Properly testing your Cassandra cluster before you’re in production
In my early days at DataStax (circa Cassandra 1.2 era) this was rarely a major problem. Most of the customers I had then were deploying Cassandra with plenty of operational head room:
- Cheap hardware, so adding more was cheap.
- Sub terabyte nodes. So lots of nodes as more data is added, losing a node out of 100 is no big deal.
- Simple data models that were key value style lookups. So scaling out was trivial.
This meant if they got the production demand wrong they’d just add more cheap nodes and everyone was happy. Fast forward to today the style seems to be more:
- Extremely expensive enterprise hardware.
- Very dense nodes to justify the cost of the hardware, so adding new nodes takes a long time, and each node represents a larger percentage of your capacity.
- Data models that are sometimes naively lifted 1 for 1 from Oracle data model that wasn’t scaling (so probably not easy to scale out then when dropped into Cassandra).

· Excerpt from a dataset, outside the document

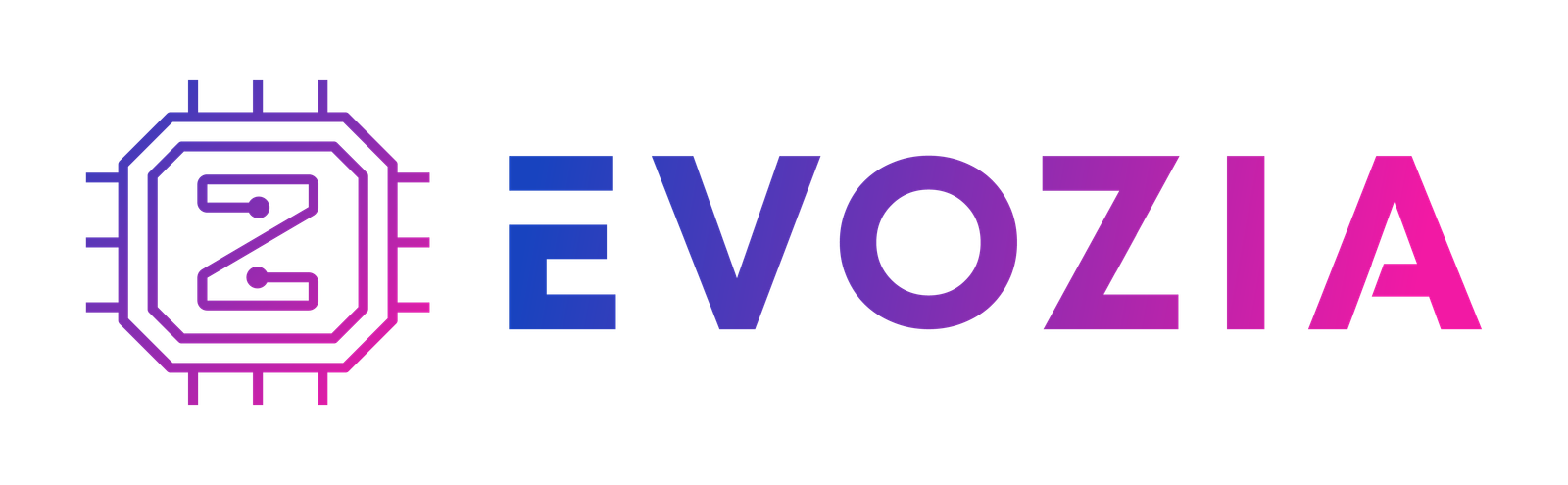 EVOZIA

The recent style is fundamentally more brittle and leads to problems that are systemic and more likely to take down the entire cluster as less nodes, longer times to provision and more density all harm the entire reason you went with Cassandra in the first place. So if you’re going to production with that scenario you better test a lot and test accurately. This blog aims to cover the ways to do that.

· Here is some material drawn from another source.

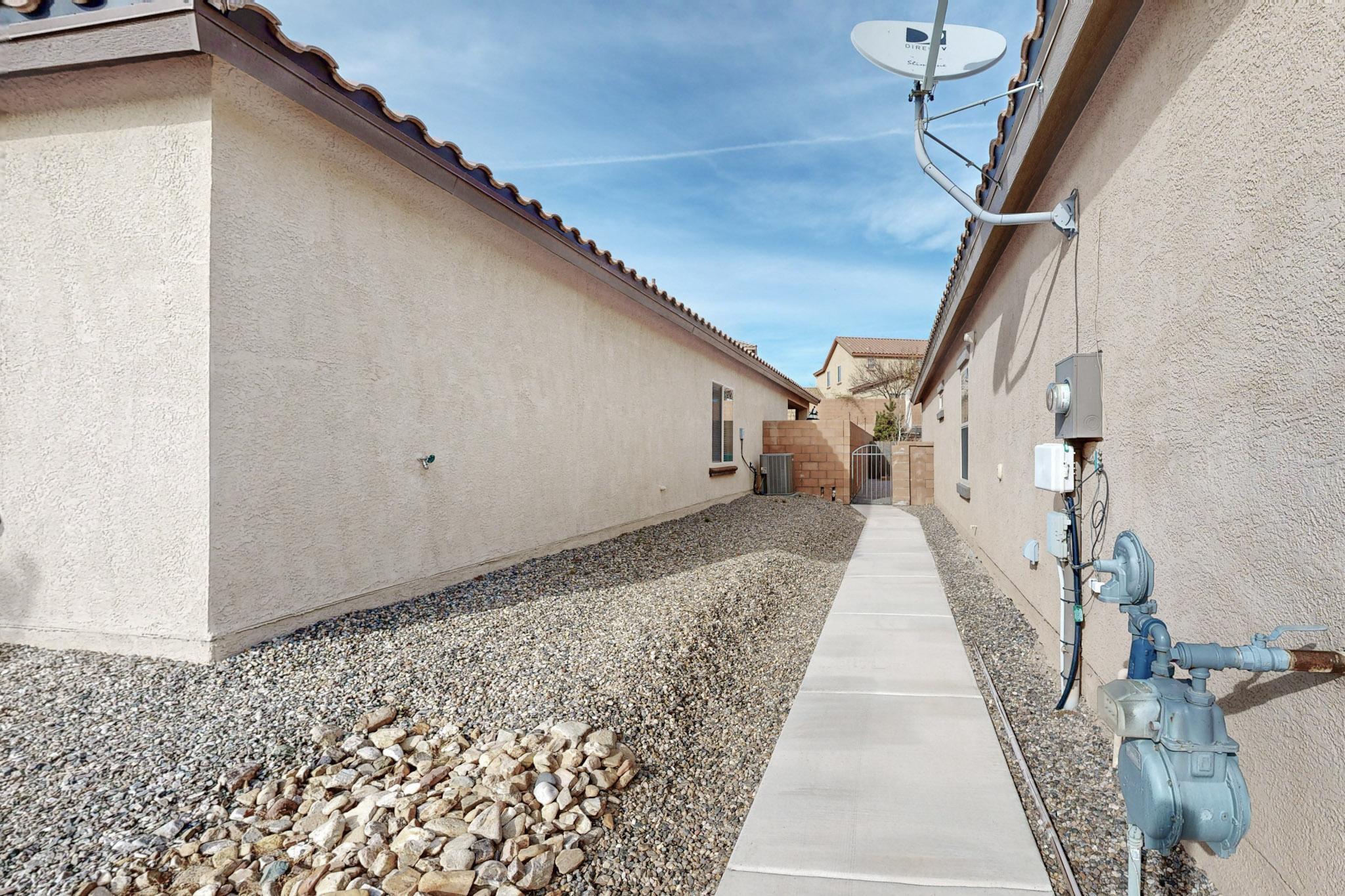 3833 Puenta Alto Avenue, Rio Rancho, New Mexico image 34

Mimic your production workload
Many people testing a Cassandra based application and cluster for the first time are coming from a decade or more of work in the relational database world, so not only is this a new database technology and API to learn, but an entirely new way of writing an application to scale on a distributed database instead of a single machine. Many folks to ease the pain of the transition from single machine to distributed will make heavy use of materialized views, secondary indexes, UDF (user defined functions) or even an additional search engine such DSE Solr. It’s important to realize that in most applications at large scale these techniques are not heavily used, and if they are allowances are made for the performance penalty in node sizing and SLAs.

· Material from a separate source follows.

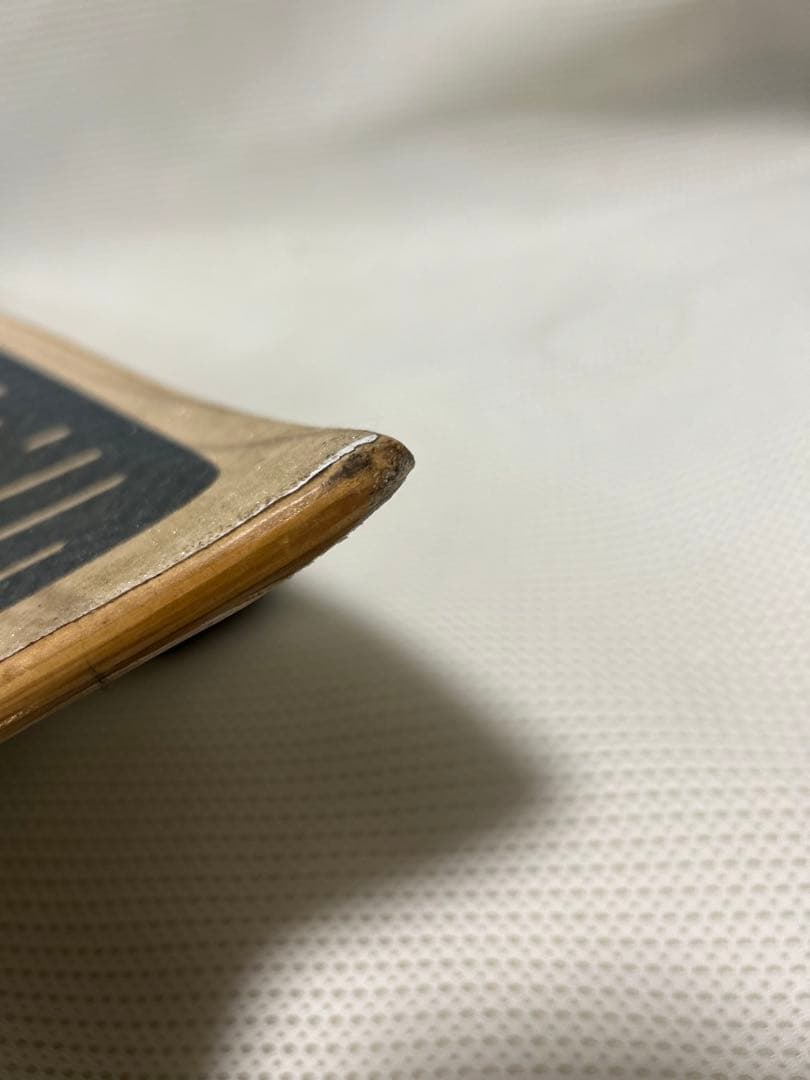 専用商品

In summary, this means your testing workload should match your production workload as closely as possible and never change a variable unless you can fully account for the difference it will make. Below I will discuss in detail the tradeoffs and considerations you need to make to validate your use case, cluster tunings and code.
Establish SLA targets
Decide now before you go into production what is fast and what is slow, and how often is slow allowed to occur. If you have no idea a few basic rules are good:
- Max is bad, you have no control over the worst case scenario. Still you may monitor this for extreme outliers and keep an eye on it. Do not make decisions based on this.
- 99.9% is aggressive but if you have a latency sensitive use case this is what is required. Know you will spend a lot on hardware if you need to keep this really close to the 50%.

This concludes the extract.